Like I said, even with that person I shot with at the Nationals drawing back three times per arrow; our group EASILY made the 5- hour time limit...and we had to walk back up the hill from the Connecticut range to do it, and still had our cards in ahead of the 5-hours.

Of course, I also realize that getting the 5-hour time limit rule put back for field and hunter rounds would be like peeing into a fan...so we deal with the "no time limit", but "let down per arrow rule", and continue to allow people that don't let down often to lolligag by other means, be it techno-toys, ogling their 4th hour while standing on the stake; to shooting ONE at a time on a walkup, etc.; etc.
Wouldn't surprise me a bit to see some 7 or 8 hour field rounds come into play real soon. Let's see... 15 mph times 8 hours...Heck I could get in 120 miles on my bicycle and not be bothered by bugs, buggies, rule books, etc.....hmmmmm....

And, Nobody will miss me, nor me "it", if and when it comes to going much over 5 hours for a 28 target field round. Ain't worth the haggle and hassle to be out there that long, IMHO, especially when I know the high scores were accomplished in tons of LESS TIME...often times in 4 hours or slightly over that in the past.

field14


----------



## CHPro (May 21, 2002)

> I've seen the "let down rule" ENFORCED on INDOOR rounds, so as far as I know that rule applies indoors as well as outdoors


Sounds like another case of someone erroneously applying a rule and the competitors not knowing any better so they couldn't call the person enforcing the non-existent rule. I'm pretty certain if you look through the Constitution and By-Laws that the only reference to a 3 let-down rule is specifically housed in a section labeled outdoor shooting rules...per Prag's reference earlier. I couldn't find anything pertaining to a let-down rule in any of the general or indoor round rules.

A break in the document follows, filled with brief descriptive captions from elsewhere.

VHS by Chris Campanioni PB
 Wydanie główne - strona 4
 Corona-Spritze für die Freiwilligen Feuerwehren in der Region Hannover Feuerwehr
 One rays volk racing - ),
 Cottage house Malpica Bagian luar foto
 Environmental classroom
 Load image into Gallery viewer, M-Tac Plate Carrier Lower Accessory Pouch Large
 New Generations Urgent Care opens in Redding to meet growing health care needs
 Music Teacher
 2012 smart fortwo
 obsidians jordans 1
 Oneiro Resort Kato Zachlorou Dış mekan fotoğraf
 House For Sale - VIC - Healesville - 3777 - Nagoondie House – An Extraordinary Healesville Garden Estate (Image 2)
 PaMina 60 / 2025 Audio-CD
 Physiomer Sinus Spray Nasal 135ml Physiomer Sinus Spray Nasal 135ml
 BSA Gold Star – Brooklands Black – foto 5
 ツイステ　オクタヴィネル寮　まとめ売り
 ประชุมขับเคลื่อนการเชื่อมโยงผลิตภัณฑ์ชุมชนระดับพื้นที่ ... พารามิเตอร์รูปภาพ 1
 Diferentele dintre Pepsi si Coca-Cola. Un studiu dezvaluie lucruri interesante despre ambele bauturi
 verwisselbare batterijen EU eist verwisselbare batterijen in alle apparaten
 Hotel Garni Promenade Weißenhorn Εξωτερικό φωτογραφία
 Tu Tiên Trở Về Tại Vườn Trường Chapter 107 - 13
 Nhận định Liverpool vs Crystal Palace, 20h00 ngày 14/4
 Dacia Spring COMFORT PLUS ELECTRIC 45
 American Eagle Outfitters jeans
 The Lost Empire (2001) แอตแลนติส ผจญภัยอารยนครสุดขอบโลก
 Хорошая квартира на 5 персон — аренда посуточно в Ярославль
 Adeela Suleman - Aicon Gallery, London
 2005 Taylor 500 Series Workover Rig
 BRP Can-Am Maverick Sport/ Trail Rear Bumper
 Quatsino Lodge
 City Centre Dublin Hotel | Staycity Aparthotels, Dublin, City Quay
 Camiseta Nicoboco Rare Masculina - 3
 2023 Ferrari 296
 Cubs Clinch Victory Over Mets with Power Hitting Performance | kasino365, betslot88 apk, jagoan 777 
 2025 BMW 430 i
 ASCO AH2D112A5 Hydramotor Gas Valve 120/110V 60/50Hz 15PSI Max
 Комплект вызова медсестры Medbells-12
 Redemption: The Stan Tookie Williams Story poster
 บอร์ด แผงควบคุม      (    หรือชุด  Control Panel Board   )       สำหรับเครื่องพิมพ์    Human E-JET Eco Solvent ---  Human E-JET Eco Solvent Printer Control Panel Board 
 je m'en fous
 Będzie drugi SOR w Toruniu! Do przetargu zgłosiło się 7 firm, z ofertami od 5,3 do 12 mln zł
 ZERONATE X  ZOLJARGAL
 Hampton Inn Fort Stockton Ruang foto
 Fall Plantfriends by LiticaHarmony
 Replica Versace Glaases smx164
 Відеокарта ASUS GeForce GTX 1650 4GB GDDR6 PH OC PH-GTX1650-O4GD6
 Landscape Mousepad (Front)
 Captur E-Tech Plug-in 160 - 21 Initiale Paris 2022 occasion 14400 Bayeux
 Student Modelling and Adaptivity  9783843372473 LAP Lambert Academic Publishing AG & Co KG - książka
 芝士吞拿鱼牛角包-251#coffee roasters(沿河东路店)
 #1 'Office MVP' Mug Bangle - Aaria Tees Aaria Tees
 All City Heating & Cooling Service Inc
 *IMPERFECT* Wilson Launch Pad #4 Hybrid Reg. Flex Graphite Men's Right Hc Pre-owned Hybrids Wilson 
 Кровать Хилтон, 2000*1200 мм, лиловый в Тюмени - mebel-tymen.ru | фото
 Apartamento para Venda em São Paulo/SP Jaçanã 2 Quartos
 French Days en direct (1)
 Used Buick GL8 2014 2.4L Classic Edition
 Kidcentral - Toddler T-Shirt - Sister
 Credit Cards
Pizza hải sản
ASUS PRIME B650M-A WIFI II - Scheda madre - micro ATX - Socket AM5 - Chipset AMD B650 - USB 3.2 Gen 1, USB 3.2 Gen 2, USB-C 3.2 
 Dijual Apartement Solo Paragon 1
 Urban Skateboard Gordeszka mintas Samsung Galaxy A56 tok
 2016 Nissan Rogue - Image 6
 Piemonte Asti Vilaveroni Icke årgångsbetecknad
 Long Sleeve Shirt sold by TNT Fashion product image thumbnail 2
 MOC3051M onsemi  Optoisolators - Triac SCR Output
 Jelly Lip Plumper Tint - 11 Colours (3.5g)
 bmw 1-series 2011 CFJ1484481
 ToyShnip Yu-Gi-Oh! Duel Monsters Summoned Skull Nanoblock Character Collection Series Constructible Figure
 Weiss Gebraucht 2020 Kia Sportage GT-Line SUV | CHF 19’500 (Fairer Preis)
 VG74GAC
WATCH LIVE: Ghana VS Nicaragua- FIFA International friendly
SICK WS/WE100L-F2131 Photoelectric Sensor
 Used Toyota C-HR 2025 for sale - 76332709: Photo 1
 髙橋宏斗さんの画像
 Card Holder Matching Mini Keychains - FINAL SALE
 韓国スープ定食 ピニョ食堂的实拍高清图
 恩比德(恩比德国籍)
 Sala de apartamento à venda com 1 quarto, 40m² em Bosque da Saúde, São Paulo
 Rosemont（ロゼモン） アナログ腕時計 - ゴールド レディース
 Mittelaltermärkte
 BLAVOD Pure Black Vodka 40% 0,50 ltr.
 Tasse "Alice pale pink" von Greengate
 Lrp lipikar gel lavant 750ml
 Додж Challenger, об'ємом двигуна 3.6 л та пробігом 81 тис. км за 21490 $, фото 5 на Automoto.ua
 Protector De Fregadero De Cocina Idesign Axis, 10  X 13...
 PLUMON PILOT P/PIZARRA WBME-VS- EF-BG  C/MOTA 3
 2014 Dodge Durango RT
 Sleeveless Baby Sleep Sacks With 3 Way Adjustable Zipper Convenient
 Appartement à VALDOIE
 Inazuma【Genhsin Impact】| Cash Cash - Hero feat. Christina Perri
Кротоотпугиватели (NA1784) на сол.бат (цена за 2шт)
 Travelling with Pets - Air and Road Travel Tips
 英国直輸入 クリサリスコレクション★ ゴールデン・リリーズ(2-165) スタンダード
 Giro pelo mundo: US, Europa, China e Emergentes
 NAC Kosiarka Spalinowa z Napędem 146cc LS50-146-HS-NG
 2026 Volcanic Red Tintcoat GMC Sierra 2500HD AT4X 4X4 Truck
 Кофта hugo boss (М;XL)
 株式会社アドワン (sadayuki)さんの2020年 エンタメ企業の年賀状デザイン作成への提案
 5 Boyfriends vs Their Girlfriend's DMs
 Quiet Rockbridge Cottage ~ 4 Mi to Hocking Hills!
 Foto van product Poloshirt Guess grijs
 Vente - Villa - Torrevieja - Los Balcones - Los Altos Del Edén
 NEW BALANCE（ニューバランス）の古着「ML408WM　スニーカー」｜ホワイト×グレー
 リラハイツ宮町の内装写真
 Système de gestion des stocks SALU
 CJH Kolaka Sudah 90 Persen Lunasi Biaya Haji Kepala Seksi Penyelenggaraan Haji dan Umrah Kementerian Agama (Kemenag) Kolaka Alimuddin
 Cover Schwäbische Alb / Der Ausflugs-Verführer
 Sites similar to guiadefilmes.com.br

Just an fyi, some of the field/hunter rounds I've shot that took more than 5hr were shot prior to the abundant use of all the "toys". A couple Nationals held in Darrington in the mid- to early-90's come to mind, several targets laid out having to shoot directly into the sun resulting in people needing to shade for their peers, several let-downs, etc., just to see the targets and shoot their arrows and a few shooting lanes that were a little on the narrow side, etc. I've shot Redding for the last several years both before and after the increase in the use of the "toys". I haven't found that round for example to go that much slower one way or another, but could be because most of the archers I shot with using the "toys" also knew how to use them and could just about read the angle and calc the cuts, set their sights in just a little more time than it took those without to look over the terrain and then guesstimate their own cut. Its the ones who just purchase the "toys" and do not spend enough time on their own practicing with them and basically are still learning how to use while at major tournaments that can be a bit of a pain to shoot with or follow around a course.....fortunately it seems I haven't run across very many of these types .

>>------->


----------



## field14 (May 21, 2002)

CHPro said:


> Sounds like another case of someone erroneously applying a rule and the competitors not knowing any better so they couldn't call the person enforcing the non-existent rule. I'm pretty certain if you look through the Constitution and By-Laws that the only reference to a 3 let-down rule is specifically housed in a section labeled outdoor shooting rules...per Prag's reference earlier. I couldn't find anything pertaining to a let-down rule in any of the general or indoor round rules.
> 
> Just an fyi, some of the field/hunter rounds I've shot that took more than 5hr were shot prior to the abundant use of all the "toys". A couple Nationals held in Darrington in the mid- to early-90's come to mind, several targets laid out having to shoot directly into the sun resulting in people needing to shade for their peers, several let-downs, etc., just to see the targets and shoot their arrows and a few shooting lanes that were a little on the narrow side, etc. I've shot Redding for the last several years both before and after the increase in the use of the "toys". I haven't found that round for example to go that much slower one way or another, but could be because most of the archers I shot with using the "toys" also knew how to use them and could just about read the angle and calc the cuts, set their sights in just a little more time than it took those without to look over the terrain and then guesstimate their own cut. Its the ones who just purchase the "toys" and do not spend enough time on their own practicing with them and basically are still learning how to use while at major tournaments that can be a bit of a pain to shoot with or follow around a course.....fortunately it seems I haven't run across very many of these types .
> 
> >>------->


I know what you mean about the ones using the toys KNOWING HOW and WHEN to use them. MOST of the top echelon shooters I've spoken with only use the toys to: 1. VERIFY their "gut" feeling, and/or 2. When STUMPED and uncertain. Almost every one of them said that nearly all the time, their "gut feeling" was right in the first place, and also that they don't get "stumped" very darned often either.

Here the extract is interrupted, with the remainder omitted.